Вернуться к Г.А. Лесскис, К.Н. Атарова. Москва — Ершалаим: Путеводитель по роману М. Булгакова «Мастер и Маргарита»

Толпа

Толпа в романе присутствует на всех трех уровнях — библейском, современном и инфернальном.

«Утром в пятницу, то есть на другой день после проклятого сеанса, весь наличный состав служащих Варьете <...> не находились при деле на своих местах, а все сидели на подоконниках окон, выходящих на Садовую, и смотрели на то, что делается под стеною Варьете. Под этой стеной в два ряда лепилась многотысячная очередь, хвост которой находился на Кудринской площади. В голове этой очереди стояло примерно два десятка хорошо известных театральной Москве барышников.

Очередь держала себя очень взволнованно, привлекала внимание струившихся мимо граждан и занималась обсуждением зажигательных рассказов о вчерашнем невиданном сеансе черной магии. <...> К десяти часам утра очередь жаждущих билетов до того взбухла, что о ней достигли слухи до милиции, и с удивительной быстротой были присланы как пешие, так и конные наряды, которые эту очередь и привели в некоторый порядок. Однако и стоящая в порядке змея длиною в километр сама по себе уже представляла великий соблазн и приводила граждан на Садовой в полное изумление».
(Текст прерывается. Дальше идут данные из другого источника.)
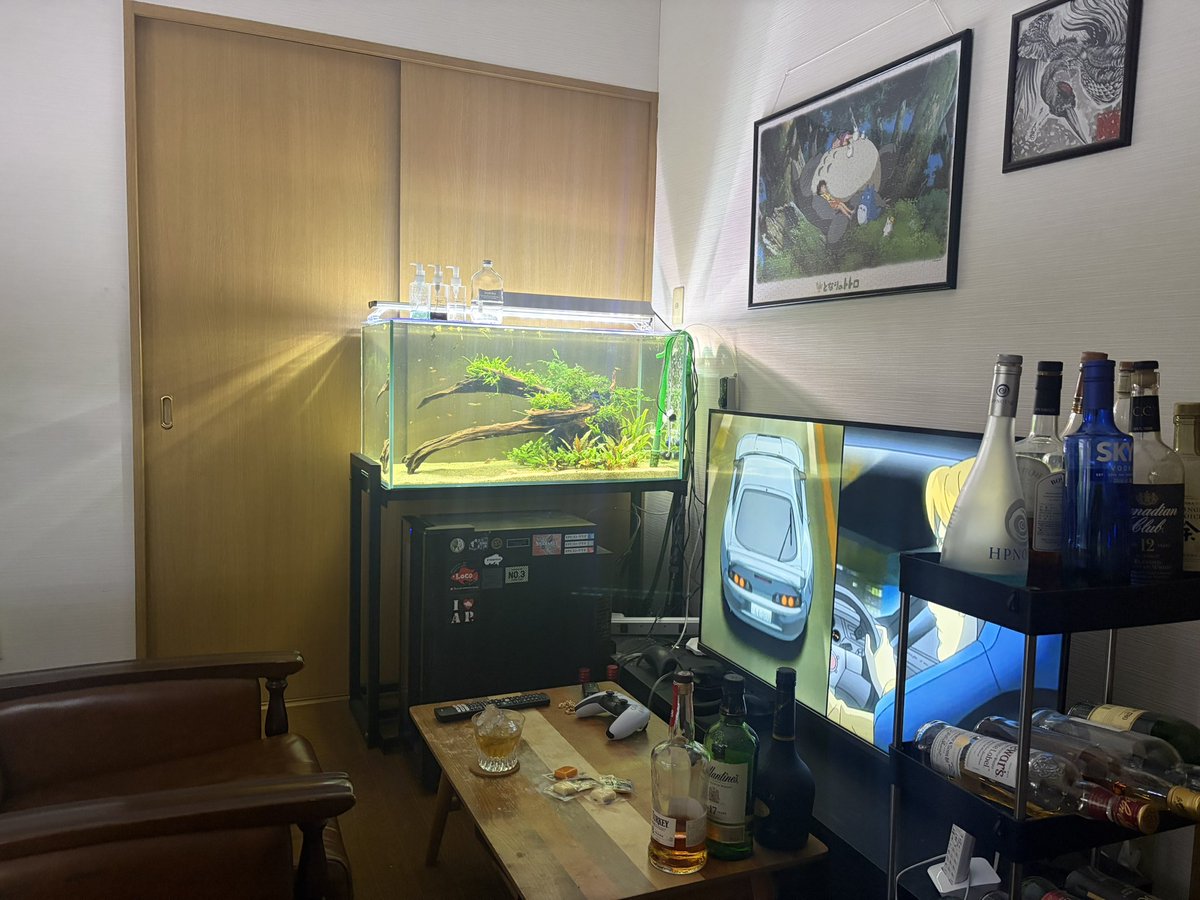 たまには家でアニメ見ながら飲むのもいいですねー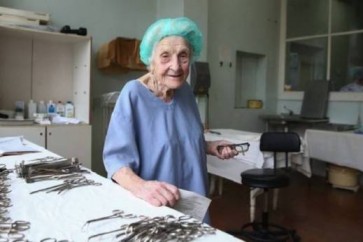 جراحة روسية عمرها 90 عاما.. أجرت 10 آلاف عملية وتواصل عملها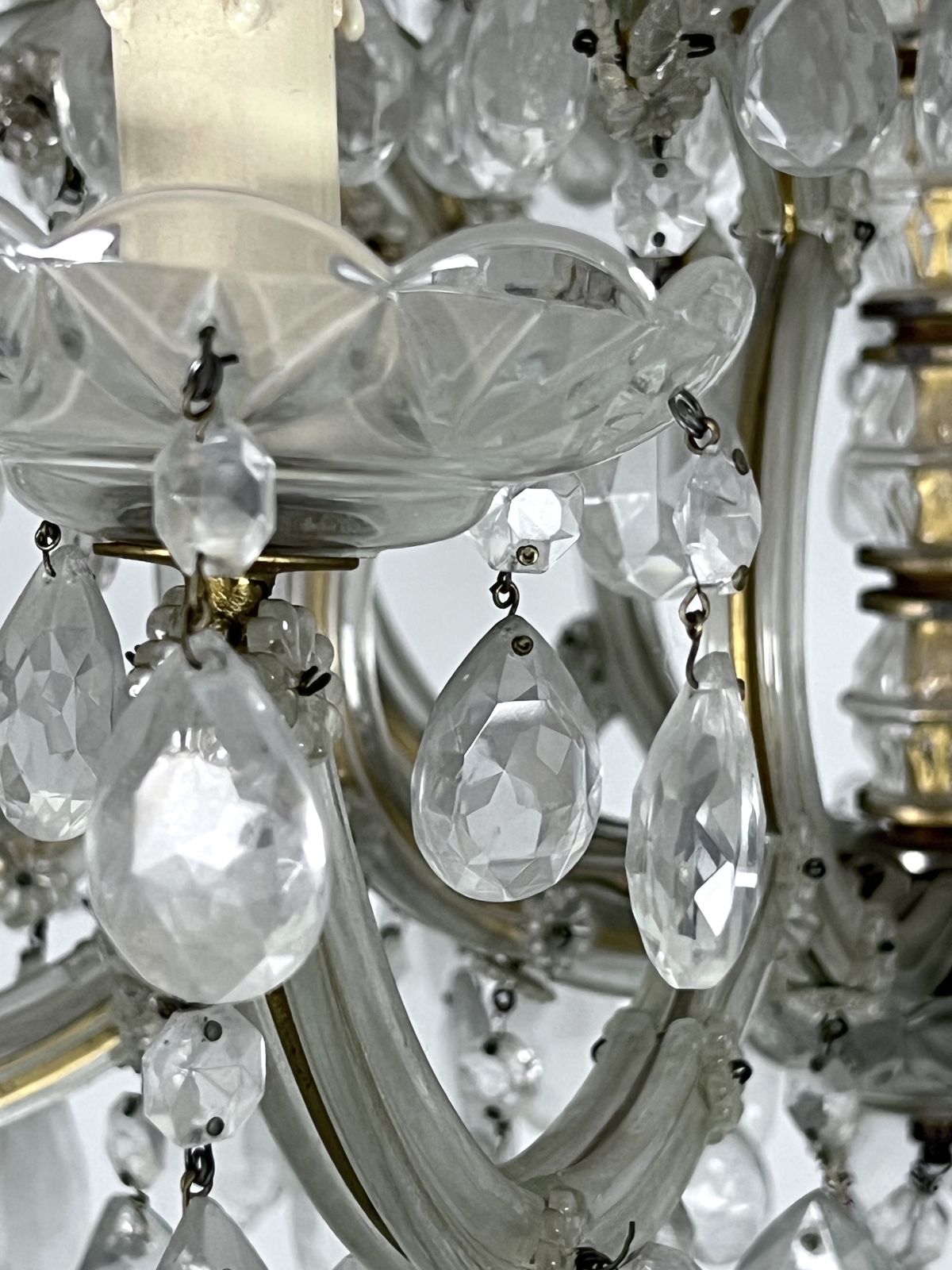 Lighting Mid Century Maria Teresa Crystal And Brass Large Chandelier. Italy 1940s photo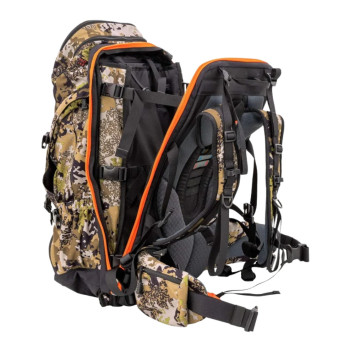 Mochila Blaser Ultimate Expedition HunTec abierta mostrando compartimento interior y acceso frontal completo en Carril Outdoor.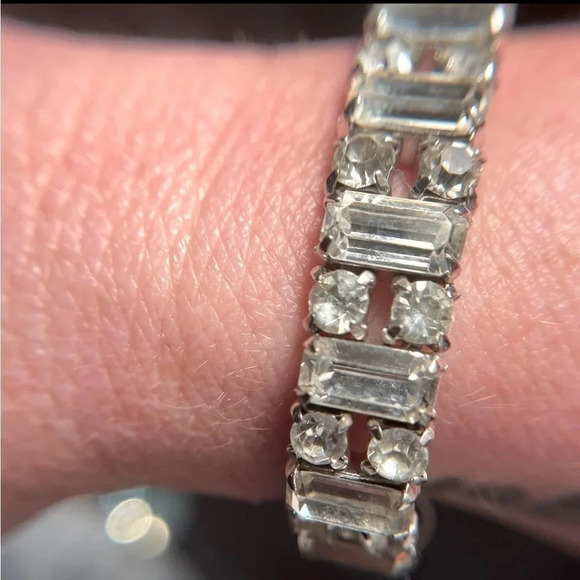 VINTAGE CLEAR STONE BAGUETTE  SILVERTONE BANGLE WITH SECURITY CHAIN - Picture 3 of 11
В древнем мире, как и в современном, психология толпы все та же — толпа жаждет зрелищ, сильных, острых, даже самых бесстыжих и жестоких.

Рисунок Э.Т.А. Гофмана

Толпа в Ершалаиме описана дважды. Сначала через восприятие Пилата, когда он слышит гул толпы, ожидающей оглашения приговора, и знает по опыту, что «никакой силой нельзя заставить умолкнуть толпу, пока она не выдохнет все, что накопилось у нее внутри, и не смолкнет сама». И позднее — авторское описание: «около двух тысяч любопытных, не испугавшихся адской жары и желавших присутствовать при интересном зрелище». Эти толпы ничем не отличаются от толпы, стремящейся прорваться на сеанс черной магии в Варьете. (Упомянутые в главе «Казнь» «толпы богомольцев <...>, покинувших свои временные полосатые шатры, раскинутые прямо на траве» — это богомольцы, пришедшие на праздник Пасхи (Песах). Со времен первого храма каждый иудей трижды в год в «праздники паломничества» (Песах, Суккот и Шавуот) являлся в иерусалимский храм.)

Такова же и вереница преступников и грешников, спешащих повеселиться на Весеннем бале полнолуния («Теперь снизу уже стеною шел народ, как бы штурмуя площадку, на которой стояла Маргарита. Голые женские тела подымались между фрачными мужчинами. На Маргариту наплывали их смуглые, и белые, и цвета кофейного зерна, и вовсе черные тела. <...> Снизу текла река. Конца этой реки не было видно. Источник ее, громадный камин, продолжал ее питать. <...> И раскосые монгольские лица, и лица белые и черные сделались безразличными, по временам сливались, <...> лица слепились в одну громадную лепешку...»).

Совершенно обезличенная толпа появлялась и в третьей редакции романа — там Воланда и главных героев атакуют на Воробьевых горах люди в противогазах.

Не случайно Мастер неоднократно говорит, что не переносит скопления народа, криков, шума.

Иероним Босх. Несение креста. 1490

В ранней редакции 1929 года толпа в древнем мире и толпа в современном сопоставлены еще яснее: «— Скажите, пожалуйста, — неожиданно спросил Берлиоз, — значит, по-вашему, криков "распни его!" не было?

Инженер снисходительно усмехнулся:

— Такой вопрос в устах машинистки из ВСНХ был бы уместен, конечно, но в ваших?.. Помилуйте! Желал бы я видеть, как какая-нибудь толпа могла вмешаться в суд, чинимый прокуратором, да еще таким, как Пилат! Поясню наконец сравнением. Идет суд в ревтрибунале на Пречистенском бульваре, и вдруг, воображаете, публика начинает завывать: "расстреляй, расстреляй его!" Моментально ее удаляют из зала суда, только и делов. Да и зачем она станет завывать! Решительно ей все равно, повесят ли кого или расстреляют. Толпа — во все времена толпа, чернь, Владимир Миронович!» (В этой редакции у Берлиоза еще другое имя.)